Chegado o dia de sua volta, fui levá-lo ao aeroporto e, num desses voos que aparecem não se sabe de onde, eis que surge o Fernando Lobo, jornalista, poeta, compositor e, orgulhosamente, como ele mesmo dizia, pai do Edu Lobo. Ao ver o velho Nunes, dirigiu-se a ele com carinho e pilhérias bem à moda dos dois, sendo de logo a mim apresentado, tempo em que rumamos para o restaurante do aeroporto, onde nos amesendamos, entre aperitivos, reminiscências e piadas; lá pelas páginas tantas, depois de ter perdido uns três aviões da ponte aérea, o velho Nunes perguntou-me se eu não queria ir com eles para o Rio de Janeiro, a tirar do bolso do paletó um “bilhete” de passagem a sugerir que eu fosse ao balcão da companhia marcar uma ida, caso tivesse vaga... e sempre tinha... E assim foi!

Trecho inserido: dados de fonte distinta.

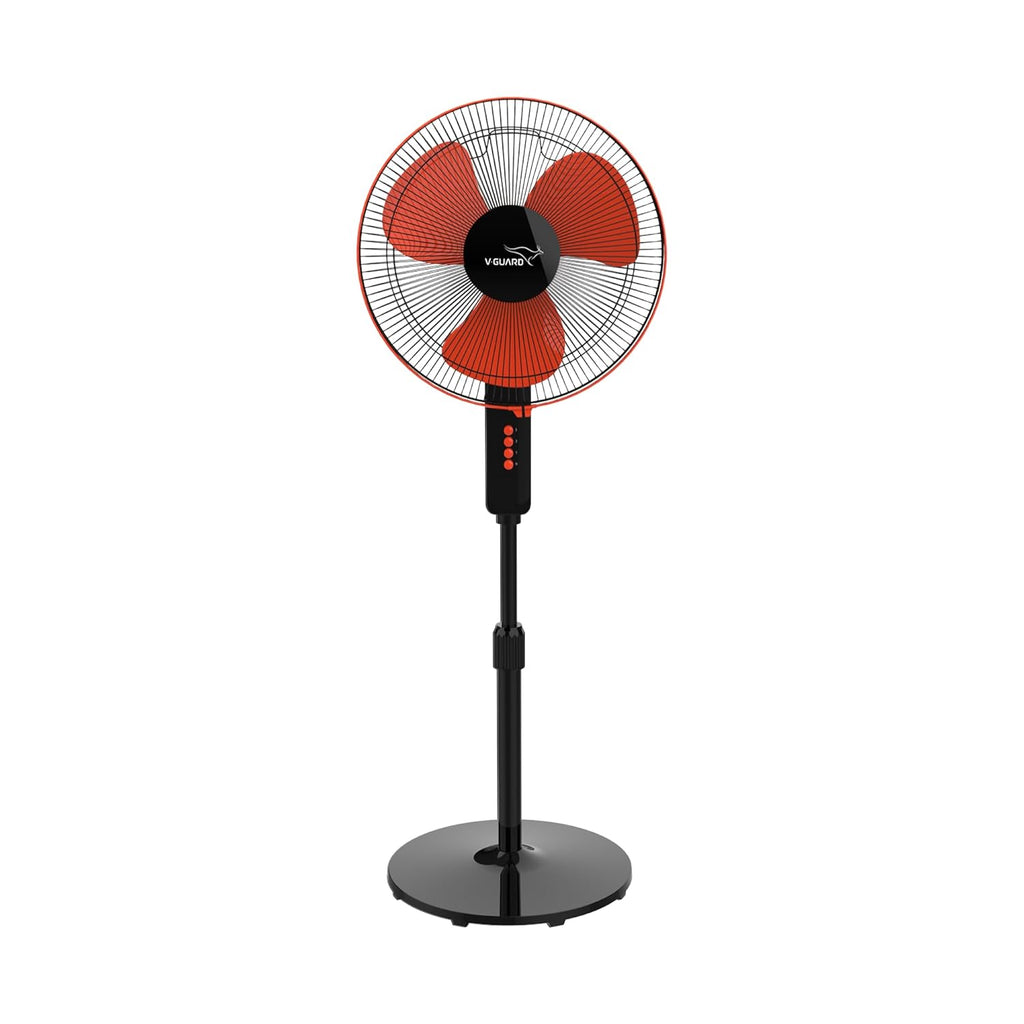 V-Guard Esfera STS Plus Pedestal Cum Table Fan | Versatile 2-In-1 Operation | 1350 RPM Motor | Customisable Tilt And Oscillation Control | Red Black | 40 cm (400mm)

Já no Rio de Janeiro; despedimo-nos do Fernando Lobo, uma pessoa que jamais esqueci pela inteligência e simpatia irradiadas, e seguimos para a Avenida Almirante Alexandrino, em Santa Teresa, endereço que escondia o velho cientista, momentaneamente vazio, vez que seus familiares se encontravam de veraneio em Nova Friburgo, no Estado do Rio.
No dia seguinte, o “bondinho de Santa Teresa”, cansado de carregar artistas e boêmios, nos deixou quase sem querer no “Amarelinho”, na Cinelândia, [donde nunca deveria ter saído], e onde gastamos toda a tarde daquele dia ao encontrarmos, por feliz coincidência, Nauro Machado, Franklin de Oliveira e Lago Burnett... à noite retornei a Brasília.
Desandando o fio à meada, quis os desígnios de Deus que eu estivesse em Porto Velho, no Estado de Rondônia, antigo “Território do Guaporé”, a realizar um trabalho temporário que fui designado a fazê-lo; lugar em que também, por períodos temporais, era núcleo natural de estudos antropológicos do velho Nunes Pereira, para onde os ventos da vida nos uniria pela derradeira vez...
Algum tempo depois, certa manhã chuvosa, para ser mais triste que de costume, ao atravessar uma praça da cidade, onde ele era muito conhecido e querido, um jornaleiro passou a apregoar o “Alto Madeira”, o maior jornal da região, com uma voz de lamento: “Atenção! Morreu, no Rio de Janeiro, o doutor Nunes Pereira!” Atenção! Morreu, no Rio de Janeiro, o doutor Nunes Pereira!”. Comprei um exemplar do jornal, encostei-me a mureta da praça e ali mesmo, antes de ler a notícia, “rezei como o salmista na caverna, e olhei para minha direita e vi; mas não havia quem me conhecesse; refúgio me faltou; ninguém cuidou de minha alma”; e ali mesmo chorei... chorei muito!...
* Fernando Braga, in “Conversas Vadias”, [Toda prosa] antologia de textos do autor.